I feel there is some slight mis-information in this article that might confuse people and give them the wrong impression of 'Local SSDs' vs the network based ones and about the nvme protocol and made it seem like "local ssd == nvme".

NVMe - 'non-volatile memory express'. This is a _protocol_ that storage devices like SSDs can use to communicate with the external world. It is orthogonal to whether the disk is attached to your motherboard via pcie, or it lives somewhere else in the datacenter and uses a different transport layer. For example, local NVME SSDs will use PCIe transport. But you can also have NVME-over-TCPIP, or NVME-over-fiber-channel. Or NVME-over-Fabrics. Many of these are able to provide significantly lower latencies than a millisecond.

As a concrete example, AWS `io2-express` has latencies of ~0.25-0.5ms, though i'm not sure which technology it's using.

nvme over fabrics: https://www.techtarget.com/searchstorage/definition/NVMe-ove... many interesting presentations on the official nvme website: https://nvmexpress.org/education/documents-and-videos/presen... aws: https://aws.amazon.com/blogs/storage/achieve-higher-database...

jon-wood · 4 years ago

Thanks for the clarification, I consider myself fairly well informed about server hardware and had no idea that there were transport methods for NVMe other than PCI Express.

PeterCorless · 4 years ago

There were a slew of new NVMe specs that came out last year, such as the separation of storage and transport. So now NVMe has the following transport protocols:

• PCIe Transport specification

• Fibre Channel Transport specification (NVMe-oF)

• RDMA Transport specification

• TCP Transport specification

Separation of storage from transport is a huge game changer. I am really hoping NVMe-over-fibre really takes off. But I'd suggest people would first see that in on-prem deployments before you see it in the cloud-hosting hyperscalers.

More on the 80,000 foot view of what's going on in NVMe world is covered in link below.
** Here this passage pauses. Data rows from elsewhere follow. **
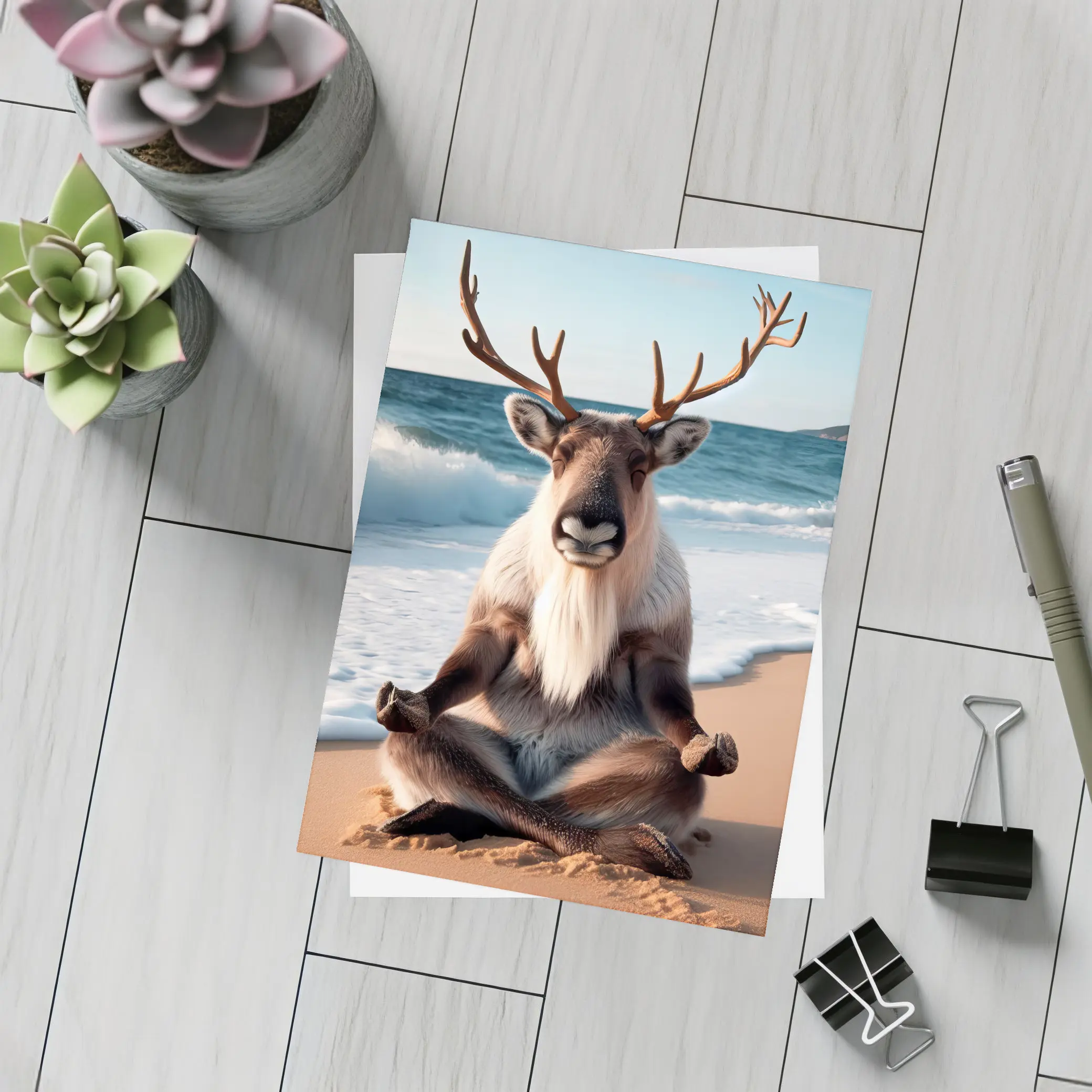 Reindeer Meditating on Sunny Beach – Postcards
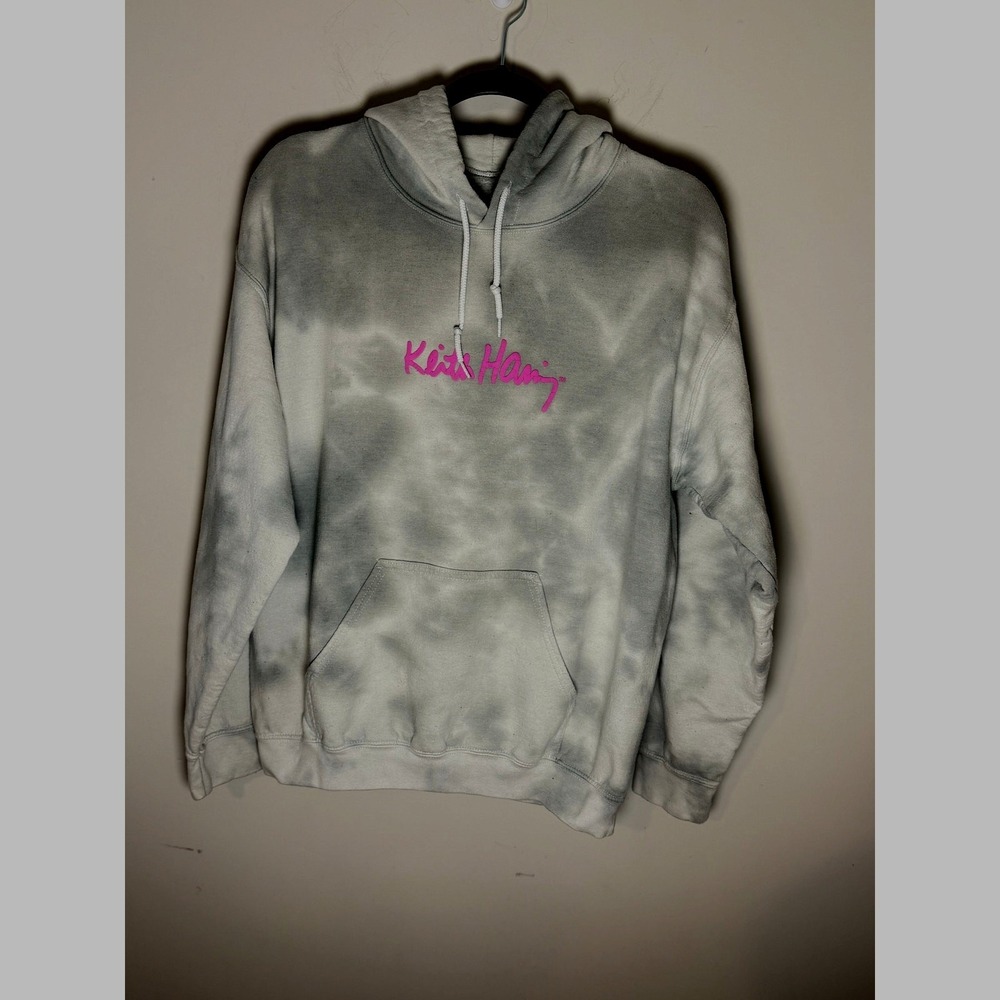 Keith Haring Hoodie Grey Tie Dye Graphic Art Pullover Unisex Small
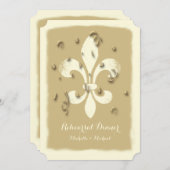 Golden Confetti Fleur de Lis event Uitnodiging (Voorkant / Achterkant)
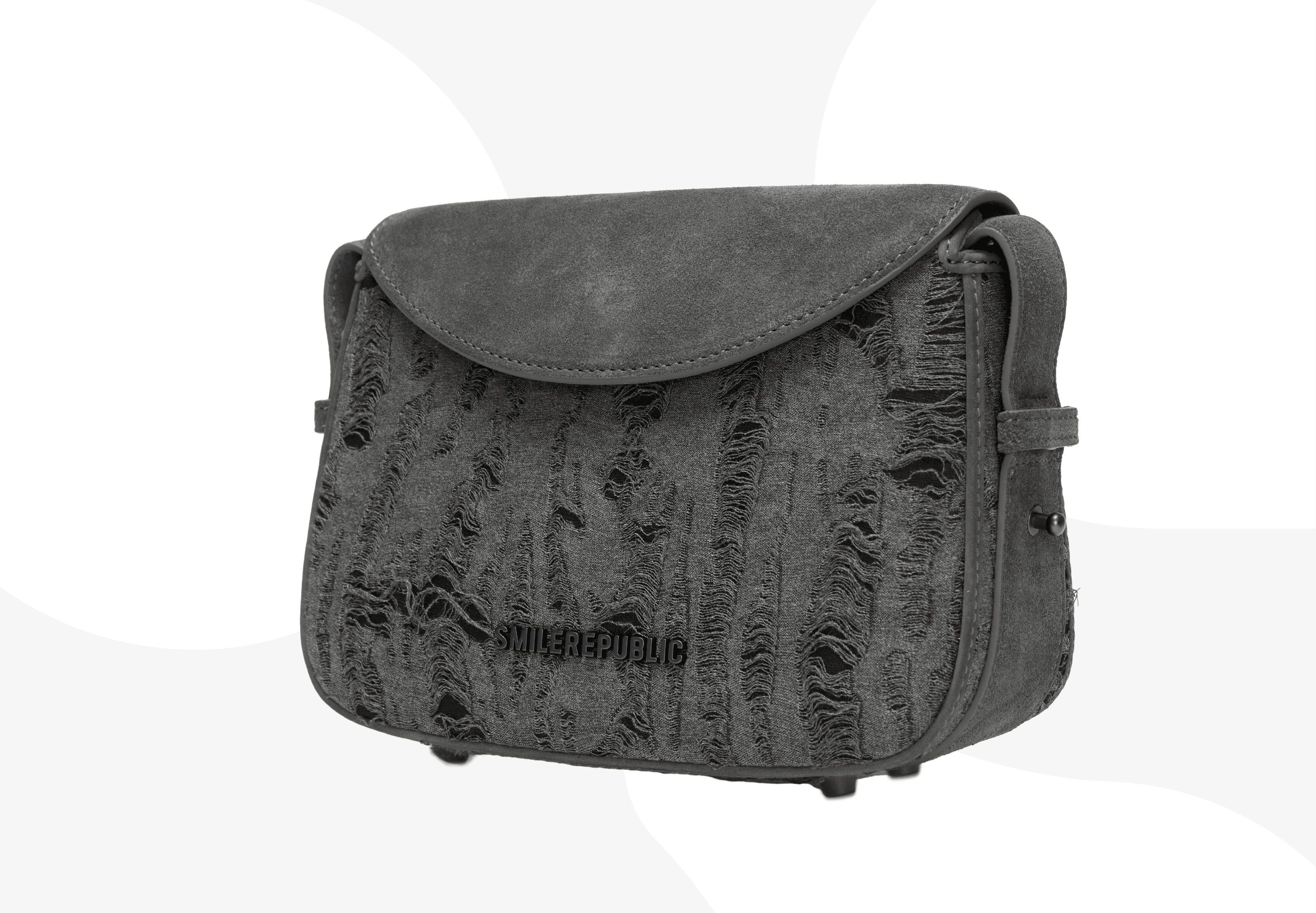 Gray Fringe Chamois Musette Bag - SMILEREPUBLIC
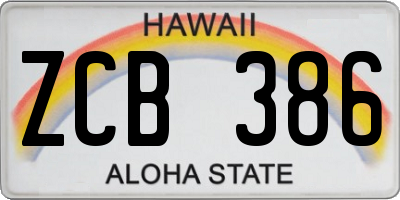 HI license plate ZCB386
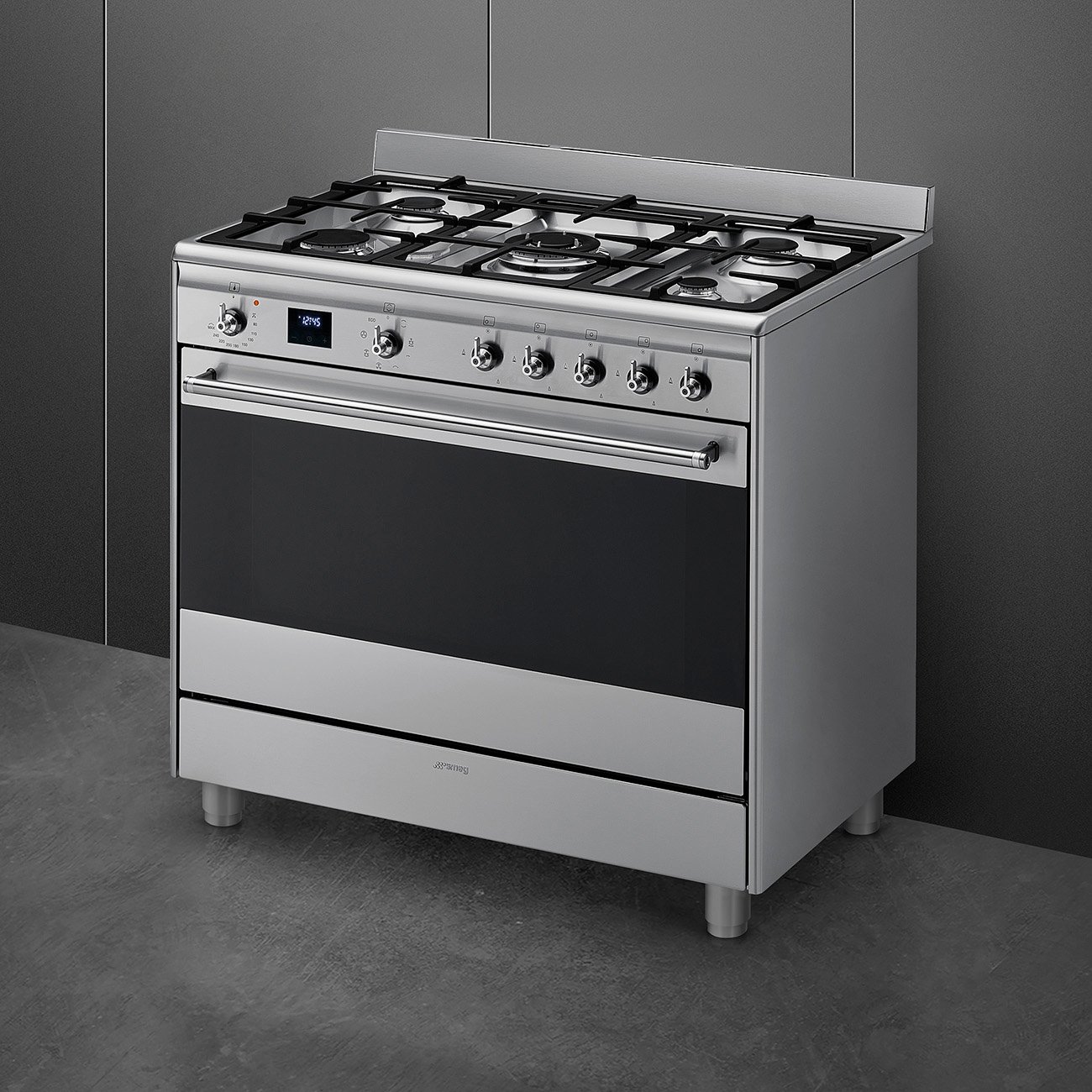 SMEG Classica 90cm Stainless Steel Gas Electric Cooker view 4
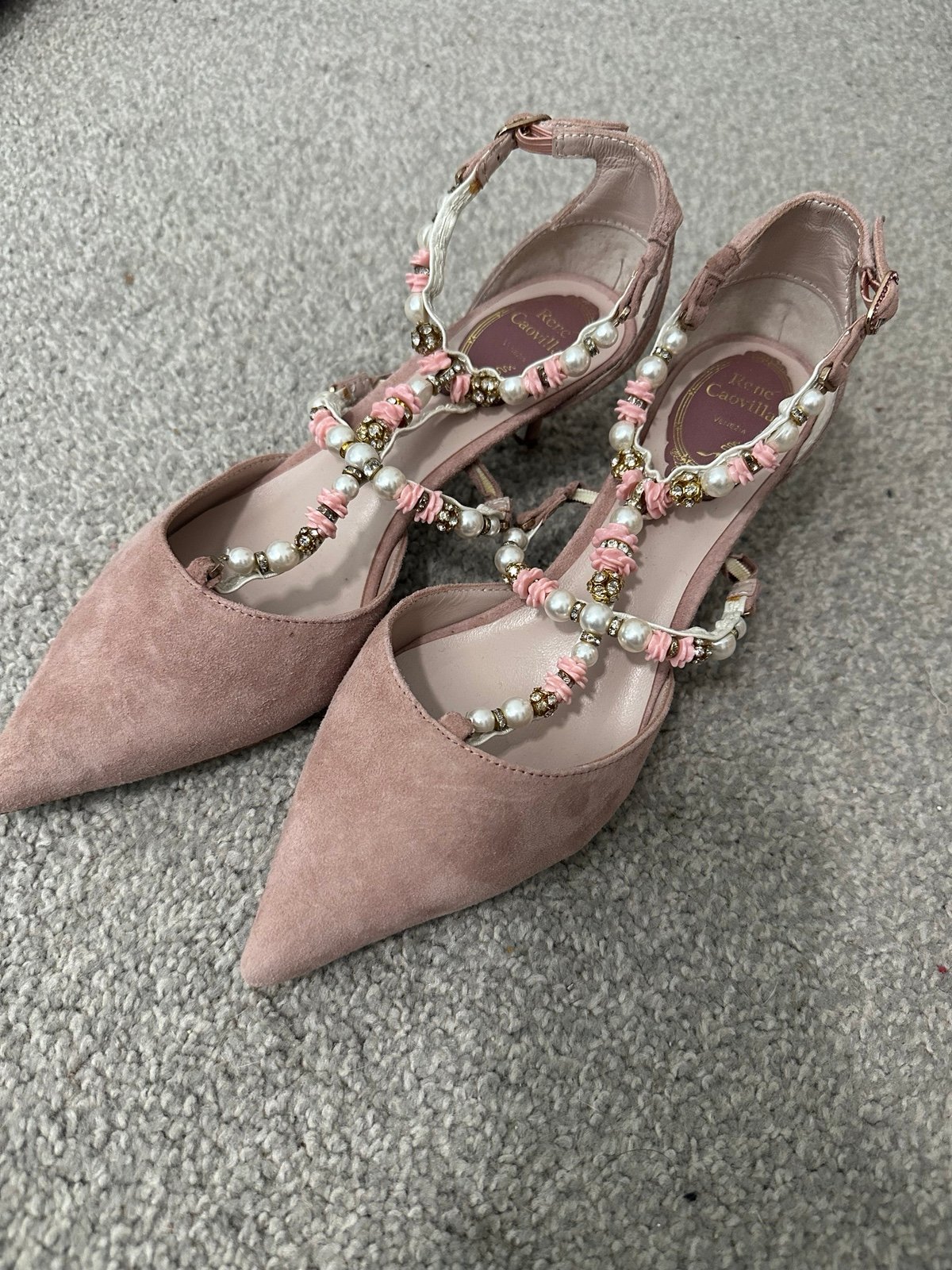 Rene Caovilla Embellished Suide Heels Sz 8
But there are tech specs you can read over if you are so interested in how exactly it works.

https://nvmexpress.org/nvm-express-announces-the-rearchitect...

[EDIT: Also, the GCP persistent disks are not NVMe-oF as far as we know. They seem to be iSCSI based off Colossus/D. see: https://news.ycombinator.com/item?id=21732387]

tyingq · 4 years ago

It seems like expected confusion. The protocol is well suited for a wide/fast path, so people associate it with something local that uses a lot of PCI lanes, which is much faster/wider/lower-latency than your NIC.

shrubble · 4 years ago

But why then would the article mention that they had problems with reliability? That seems ... odd; what have you experienced in your working with these (assuming you have)?

themoonisachees · 4 years ago

These disks aren't typically meant for database server usage. They're fine for consumers and even stuff like webservers, but the amount of data discord moves around on the daily means that they are bound to make some disks fail pretty quickly.

The normal course of action for this is usually to have a raid array over all your nvme disks, but since google just migrates your VM to a machine that has good disks, doing that is useless.

Really this whole article is "we are going to keep using google cloud despite their storage options being unfit for our purpose and here's how".

To me, this sounds like a GCP failure. The provider is supposed to provide you with options that you need. If you're going to build it yourself why bother with GCP?

It would be a fun exercise to reimplement Discord in AWS...or with FoundationDB.

In any case before revving the hardware I'd want to know how ScyllaDB actually is supposed to perform. I mean, their marketing drivel says this right on the main page: "Provides near-millisecond average latency and predictably low-single-digit P99 response times."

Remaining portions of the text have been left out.